Quantum Theatre
- Quantum Theatre logo
- Established: 1990; 36 years ago
- Founder: Karla Boos
- Type: Nonprofit
- Tax ID no.: 25-1760895
- Headquarters: 5907 Penn Ave Suite 210 Pittsburgh, Pennsylvania
- Coordinates: 40°27′44″N 79°55′35″W﻿ / ﻿40.462270°N 79.926400°W
- Artistic Director: Karla Boos
- Co-Interim-Executive Director: Julie Deseyn
- Co-Interim-Executive Director: Wanda Wilson
- Budget: $1,500,000 (2021)
- Website: quantumtheatre.com

= Quantum Theatre =

Contemporary theatre incubator

Quantum Theatre is an experimental theatre company that uses non-traditional stages in Pittsburgh, PA. Founded in 1990 by Karla Boos, it is the longest running producer of site specific plays.
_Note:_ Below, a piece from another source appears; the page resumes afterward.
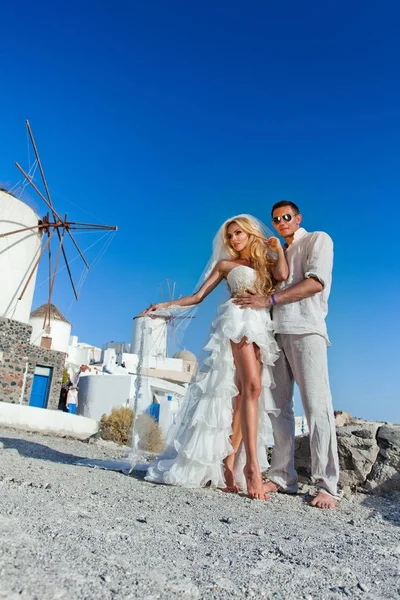 Yakışıklı adam güzel Yunan yatay olarak ilgili güzel kadın güzel genç Çift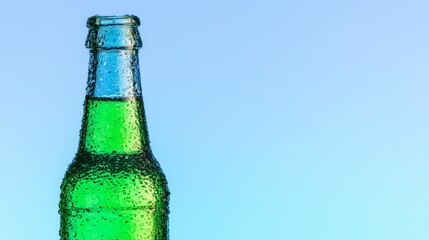 Close up of a green glass bottle with water drops. Refreshing cold drink on a light blue background. Beverage concept for summer.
The theatre has been mentioned in American Theatre Magazine and Stage Directions Magazine. It has staged classical plays, adaptations of literature, world premieres and contemporary plays in places such as Washington's Landing, Iron City Brewery, the former Don Allen Auto City, a Downtown loft in the Cultural District, abandoned school houses and the Frick Art & Historical Center.

==Education==
Quantum Theatre also features an educational outreach program in which a teaching artist helps students at inner-city high schools interpret a play, a piece of literature, or a historical event in contemporary terms. The students then create a performance to be showcased at a rehearsal for a Quantum Theatre production.

On January 30, 2012, Quantum Theatre was one of twelve companies to participate in Organic Theater Pittsburgh's From the Ground Up event to promote collaborations between Pittsburgh playwrights and local theater troupes.

==Productions==
Quantum Theatre creates site-specific performances tailoring each one to the location. Updates can include costumes, plot, or a completely new adaptation. One example is when performing King Lear at the Carrie Furnace, Karla Boos mixed medieval English clothing with 1970s steelworker uniforms and added union songs to the play.

| Season | Location | Play | Author | Notes |
|---|---|---|---|---|
| 2025-2026 | Carrie Furnace | The Tempest | William Shakespeare | Directed by founder Karla Boos, in her final production before retiring. |
| 2022-2023 | OneValley Roundhouse | The Cherry Orchard | Libby Appel | Directed by Katie Brooks. An elaborate multi-tiered stage was incorporated into the Roundhouse. |
| 2021-2022 | Schenley Park Ice Skating Rink | An Odyssey | Jed Allen Harris | Adapted by Jay Ball. Odysseus recounts his tales to a young princess Nausicaa. Quantum Theatre transformed the Ice Rink into a Greek amphitheatre. |
| 2021-2022 | The Maverick | Chimerica | Lucy Kirkwood |  |
| 2020-2021 | Digital Season | Love and Information | Caryl Churchill |  |
| 2020-2021 | Digital Season | Constellations | Nick Payne |  |
| 2020-2021 | Digital Season | Wild | Mike Bartlett |  |
| 2020-2021 | Digital Season | Far Away | Caryl Churchill |  |
| 2018-2019 | Trinity Cathedral Pittsburgh | Chatterton | Karla Boos | Based on the book by Peter Ackroyd |
| 2018-2019 | Carnegie Library of Pittsburgh – Homewood | The Gun Show (Can We Talk about This?) | E. M. Lewis | Additional showings were at West Hall at CCAC – Allegheny Campus & The Tull Family Theater. |
| 2018-2019 | Carrie Furnace | King Lear | William Shakespeare | Costumes were a mixture of Early english garments and steelworker gear. |
| 2016-2017 | Mellon Park Rose Garden | Peribañez | Lope de Vega |  |

Quantum Theatre's final production of their 2018-2019 season will be the world premiere of Inside Passage, opening in March 2018. The play was written by Pittsburgh's Gab Cody, whose work was most recently featured in Bricolage Production Company's Dodo: The Time Has Come in partnership with the Carnegie Museums of Pittsburgh. Directed by Sam Turich, Inside Passage incorporates documentary film footage and live performance to explore themes of family, home, childhood, and loss.